[Promoter effect induced by HgCl2 by studying the intercellular communication].

This work aims at assessing at molecular level the effect caused by the HgCl9 intercellular communication inhibition at non-cytotoxic doses. On the basis of our previous experiences, we exposed the human keratinocytes (HUKE) at 10 nM of HgCl2 for 24 hours Next, we estimated: a) the protein expression of connexines Cx43, Cx32 and Cx26 by western blotting; b) the amount of mRNA corresponding to the three connexines by semi-quantitative RT-PCR; and c) the production of reactive oxygen species in HgCl2 treated cells using a specific probe, i.e.

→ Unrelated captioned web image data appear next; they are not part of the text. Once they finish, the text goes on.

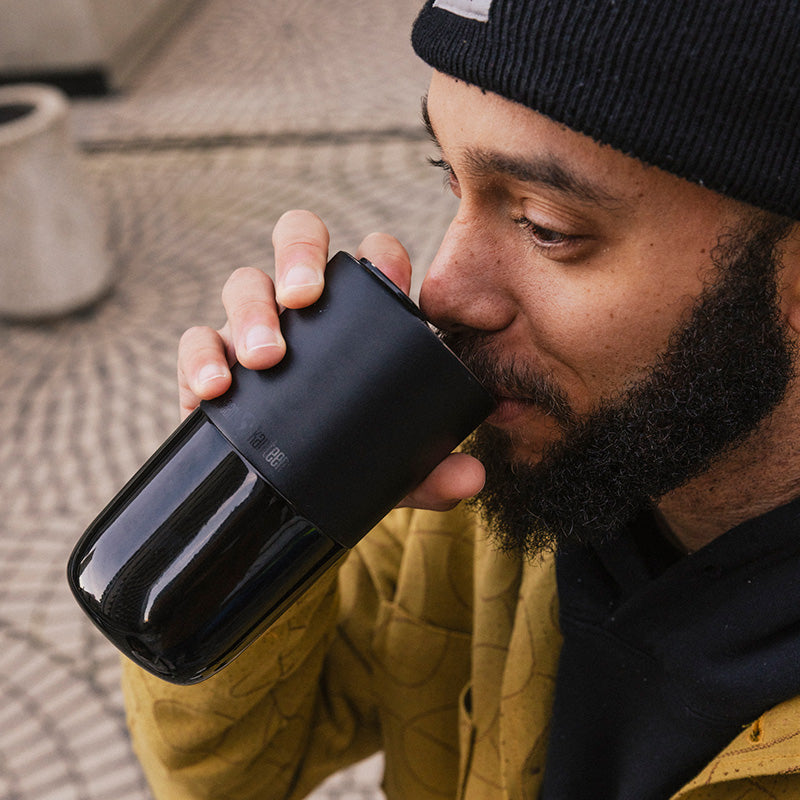 16oz-rise-tumbler-t2 16oz_rise_tumbler_black_man_drink_square.jpg
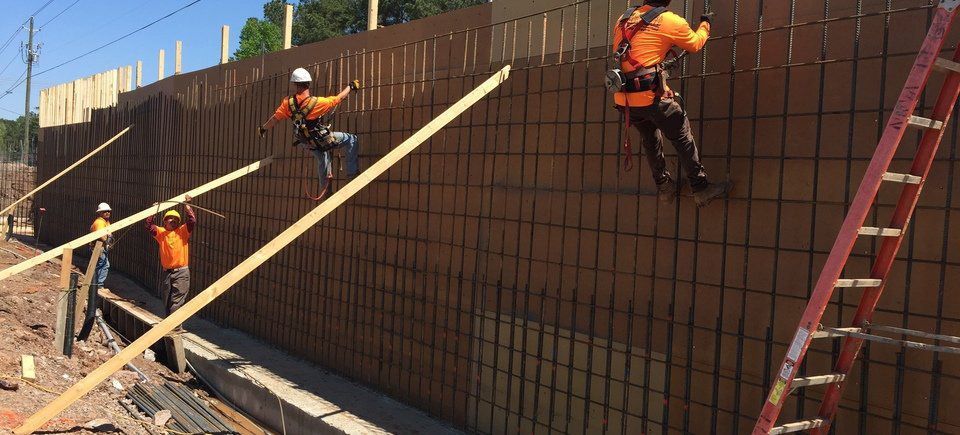 A group of construction workers are working on a concrete wall.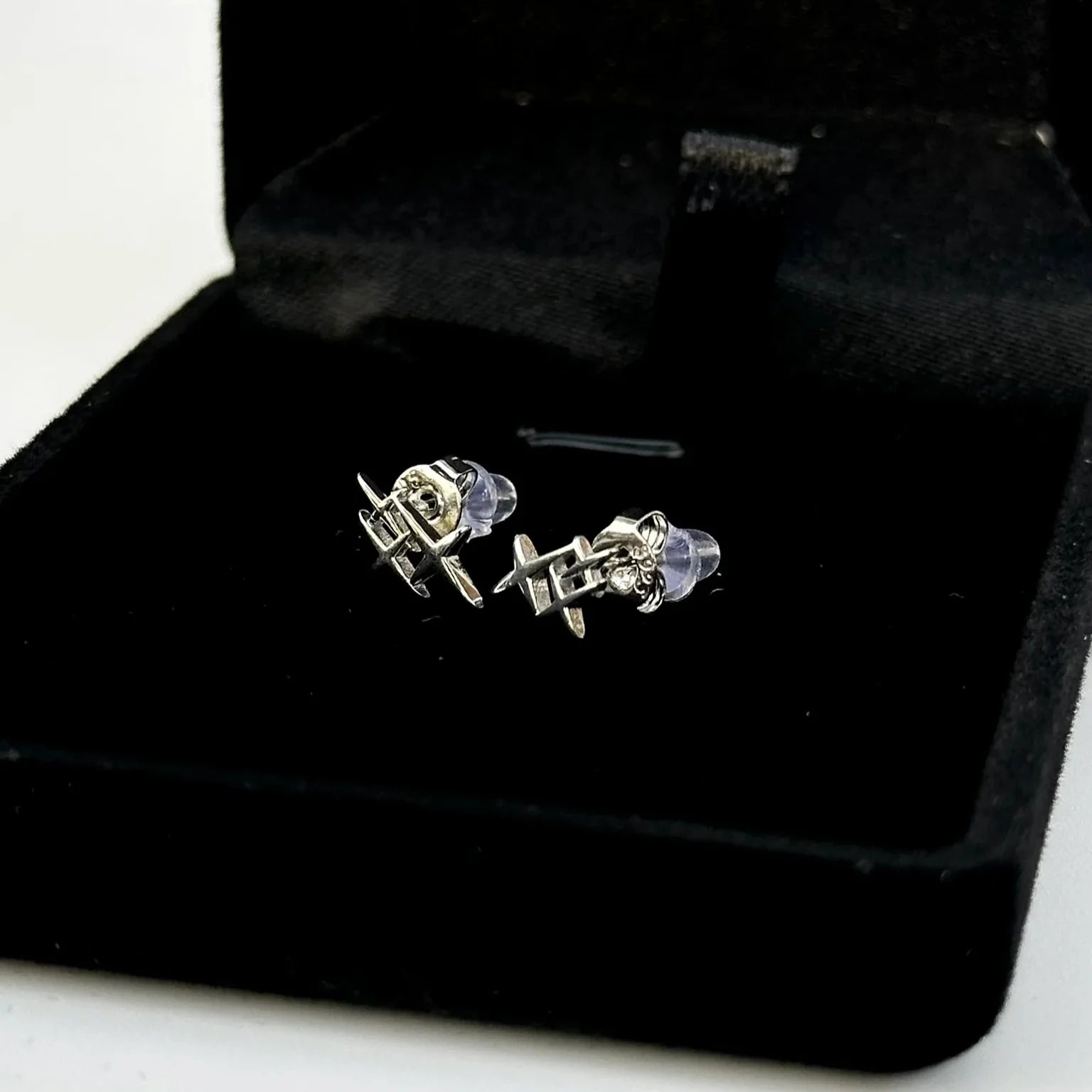 Pair of silver earrings in a black jewelry box on a white background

DCF in confocal microscopy. Our study demonstrated a higher expression of the transcripts for Cx26, Cx32, Cx43, and a higher amount of proteins Cx43, Cx32 and Cx26, compared to the negative controls. Furthermore, we studied the effect of HgCl2 on the ROS production in keratinocytes, by the analysis in confocal microscopy carried out with the DCF, fit for marking the oxygen free radicals. In HgCl2 treated keratinocytes we obtained an increase of the ROS production compared to controls; and further the mitochondrions resulted the place of ROS production. The results of this study suggest that non-cytotoxic HgCl2 concentrations, might cause an unbalancing of the redox cellular state (ROS increased level), and we can assume that the activation of a redox signalling involves the inactivation of gap junctions.